Baltar did not want to go for a mis-trial. He wanted things to end, despite him having a good chance of "losing" and being sentenced to Death. But he is still not willing to take his own life. I guess he really began to feel guilt for what he did, no longer feeling that there is an excuse for him. He betrayed the 12 Colonials, even if not knowingly. He hid information from them. He gave Gina a bomb that killed hundreds of Colonials - and allowed the Cylons to find New Caprica. He collaborated just to save his own skin. He lived among the Cylons, and hid information from them to save himself. He wasn't fully accepted by them, either. 
It was about time he feels something about it, and that he questions himself more. 
But off course, suicide or being murdered by one of his victims is the easy solution. He won't get that.



> I kept waiting for one of the Four to trigger in the battle.  I find it interesting that it wasn't a Human-form Cylon that activated the eye-glow (after all, Anders has been in contact with most of them) but one of the "grunts."



I think the Final Five had to be aware of their status before anything could happen. And then, the Raider was the first Cylon device/creature that saw him directly, and during scanning him, he got a response none of the Cylons would have expected. It might even be something that triggers a programming unknown (or forgotten) by the other Cylons.



> I think the unspoken realization in CIC between Adama and Roslin was that the Cylons recognized a Final Five in the air.  Starbuck's reappearance conveniently shifted attention away from the pilots and on to her.  Whether that was intentional or not is unknown.  It pretty much gave Anders the pass though, as I'm sure the next move would have been to inspect the pilots, starting with the nuggets.
> 
> I like that Tigh brough up Baltar's Cylon-detector.  However, once the truth was out about Baltar, I'm amazed they haven't had Gaeta re-test it on Caprica Six.  I mean, they have a control!  Maybe it's the scientist in me talking.



I think there big problem is that they know that Balthar tested Boomer and she was a Cylon despite his findings. Later tests (if there where any) gave different results, so maybe they trusted it again. But the point is that they seem to be unable to gain 100 % conclusive information. And maybe, the detector really doesn't work on the Final Five anyway.


----------



## Einan (Apr 8, 2008)

Didn't Athena tell Adama at some point that the raiders and centurions can't distinguish between models?  This was done to keep them from becoming self-aware.  So it might stand to reason that they can't distinguish between the 7 common models and the final five, once they've been activated.


----------



## Arnwyn (Apr 8, 2008)

The Grumpy Celt said:
			
		

> •	On of the minor issues that bother me is that it is so hard to detect a difference between humanoid Cylons and humans. No part of human antimony can bioluminescence, but several parts of Cylon anatomy can – that alone should be detectable.



This is a major issue for me, and a tremendous flaw in the show that they seriously botched up. It was 'cute' in the beginning, but turned out to be silly. They can _plug into computers_. In. To. Computers.

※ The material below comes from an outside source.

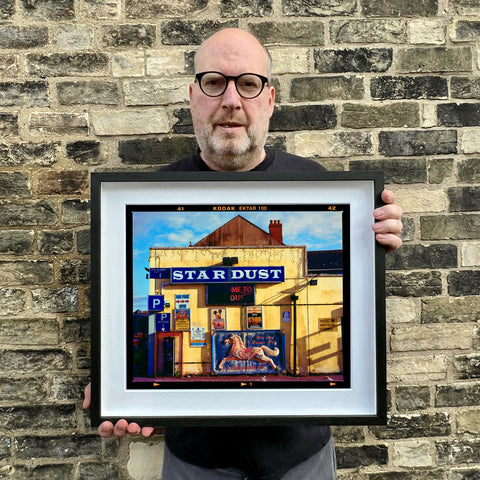 Richard holding Pleasure Park Landscape 445 Black Frame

To say that's "not detectable" to artificially (and poorly) create 'drama' is laughable nonsense, and hurts the show AFAIC.



			
				Villano said:
			
		

> Like I said, I understand why they would worry that Starbuck is a Cylon. It's reasonable to think that she might be one and have no memory of it, but I find it strange that no one seems to be questioning the logic of calling off an attack that would end the fleet once and for all in order to set up an elaborate, Rube Goldberg-like plot to kill them later.



I'm with you. Needless to say, they're not much for justifying many of their decisions. It doesn't help, in any case.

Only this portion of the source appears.